Hi Shruti,
The beta weights of those regressors are estimated as follows by using the method of least square estimation (LSE):
vector of beta's = (X'X)^(-1) * X'Y
where X is the design matrix, and Y is the column vector of FMRI time series at one voxel. The meaning of the above estimation is this
(1) X'Y sums over the information from all the events for each condition type. For example, if there are n1 events of condition type A and n2 events of type B, then X'Y collects the information into a vector for types A and B plus the baseline.
(2) The information for each condition type is corrected by the overlap correction matrix X'X, which calibers each type based on the potential overlaps in the time course (i.e., set by lags in 3dDeconvolve).
These estimates are unabiased, sufficient, efficient, and consistent. The relevent property of the estimates to your question here is the consistency: A sequence of estimators is said to be consistent if it converges in probability to the true value of the parameter.

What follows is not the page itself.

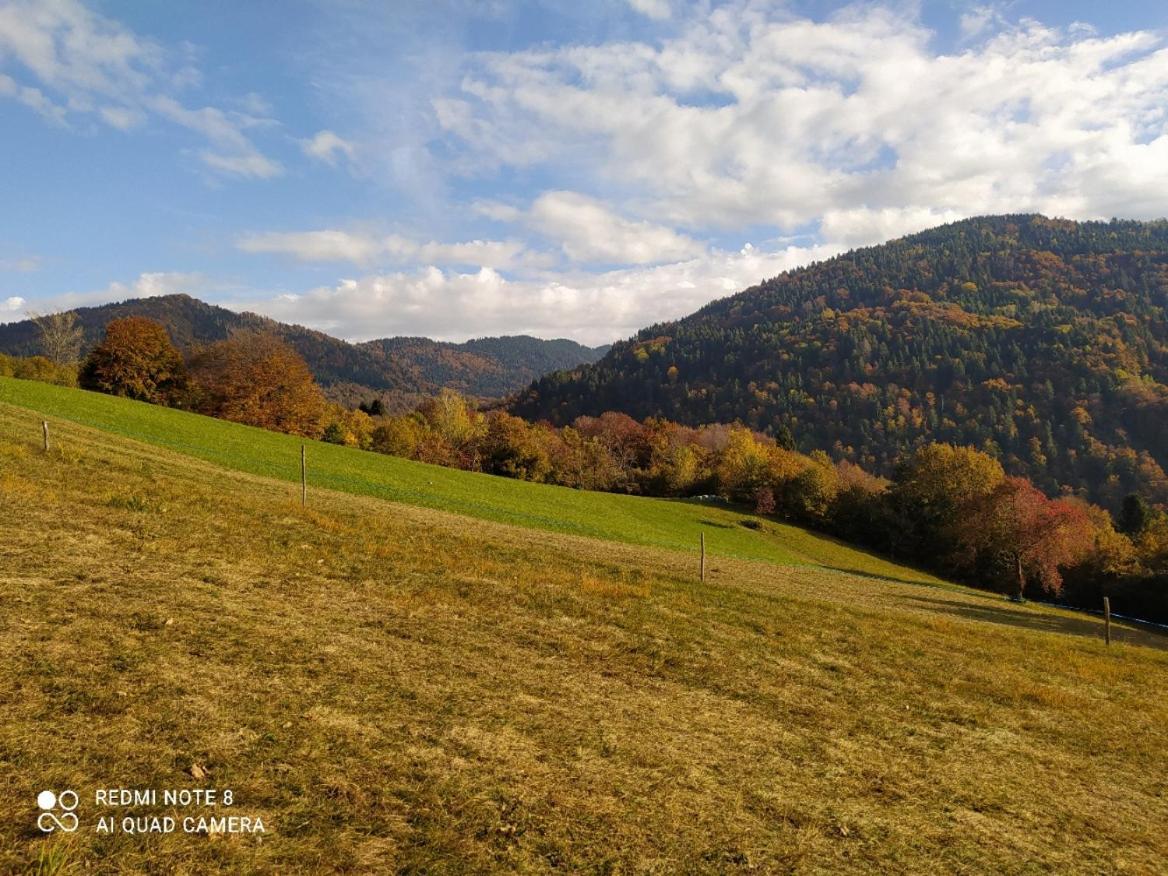 Agriturismo Fattoria Ortoalpino Trichiana Екстер'єр фото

In the case of regression analysis of 3dDeconvolve, the convergence rate is proportional to 1/n, where n is number of events.
Back to your case, the convergence rates for condition types A and B are in the order of 1/n1 and 1/n2 respectively. The activation tests for types A (whether beta1 = 0) and B (whether beta2 = 0), contrast tests (such as whether beta1 = beta2) are done by the following t statistics:
t = beta1/s(beta1) (type A)
t = beta2/s(beta2) (type B)
t =(beta1 - beta2)/[combination of s(beta1) and s(beta2)]
If n1 = 2*n2, the variance for estimate of beta1 is two times smaller than the one for that of beta2. If both n1 and n2 are small, this is a little concern. If both are big enough (such as 10 and 20), you should not worry about this since the imbalance is pretty marginal.
Other than the relative magnitude of n1 and n2, I suggest that you check the multicollearity of your design matrix with -nodata option before you implement the experiment.